So how can we respect someone who so subordinates his own thinking to others and so demeans human sexuality? What could be more inhumane than denigrating freedom of thought and wonderfulness of sex?

Yeah, good question.

Reportedly he is a man willing to listen to reason and admit error, and that goes a long way in my book. I'm also sympathitic with those who have been driven to the right by seeing how deeply rotten the extreme left can be, and it is his encounters with campus radicals in the '60's that seems to have sent him in a more conservative direction. I'm not saying that makes his positions right, of course, but I am saying that I can understand that reaction. It's an old story. My early brushes with the rot of Christian fundamentalism probably sent me in a more liberal direction than I might have otherwise gone in (um...in which than I otherwise might have gone?), and I have conservative friends who became conservative in large part because of experiences like those of Ratzinger.

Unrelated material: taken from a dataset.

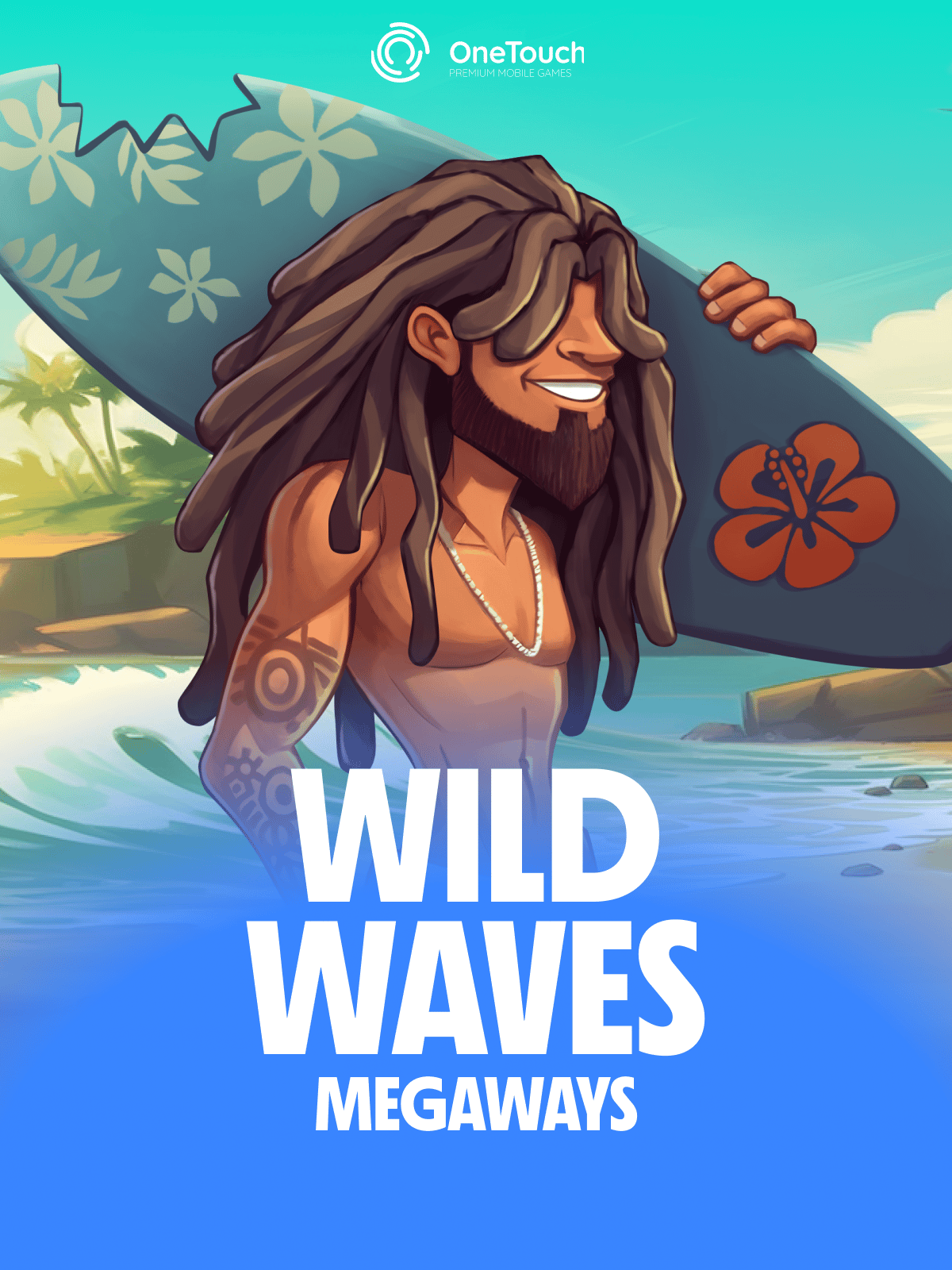 Wild Waves Megaways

(Footnote: even liberals who don't care about lefty bias on campus on moral grounds should care on prudential ones. Some of the best and the brightest turn right after encountering the ugliness of the radical left.)

But reportedly Ratzinger thinks that religious certainties are the only thing that can save us from the barbarism of right- and left-wing totalitarianisms. That's not true, but the arguments for that position are subtle and seductive. It's easy to fall for them, and many intelligent people have done so. And if you think that religious authoritarianism is the only thing standing between us and the End Of Everything--well, then accepting such authoritarianism is perhaps not such an unreasonable thing.

At any rate, this Times piece reminded me of the dangers of thinking in cartoonish ways about those with whom one disagrees. Ratzinger might be wrong--in fact he rather clearly is wrong about a great number of things. But that doesn't entail that he's stupid or evil. In case you doubt this, it might be worth reflecting on the fact that you and I are almost certainly also wrong about a great number of things.

So, anyway, here's wishing good luck to the new Pope, especially in his inquiries. I hope he either gets closer to the truth or figures out a way to explain to me and mine why we're the ones who are missing it.

Tuesday, April 19, 2005

The New Pope, Liberalism, Relativism, Conservatism and God

Some assertions by Joseph Ratzinger/Benedict the XVI concerning liberalism and relativism might warrant consideration. For example: "We are moving towards a dictatorship of relativism...that recognizes nothing definite and leaves only one's own ego and one's own desires as the final measure."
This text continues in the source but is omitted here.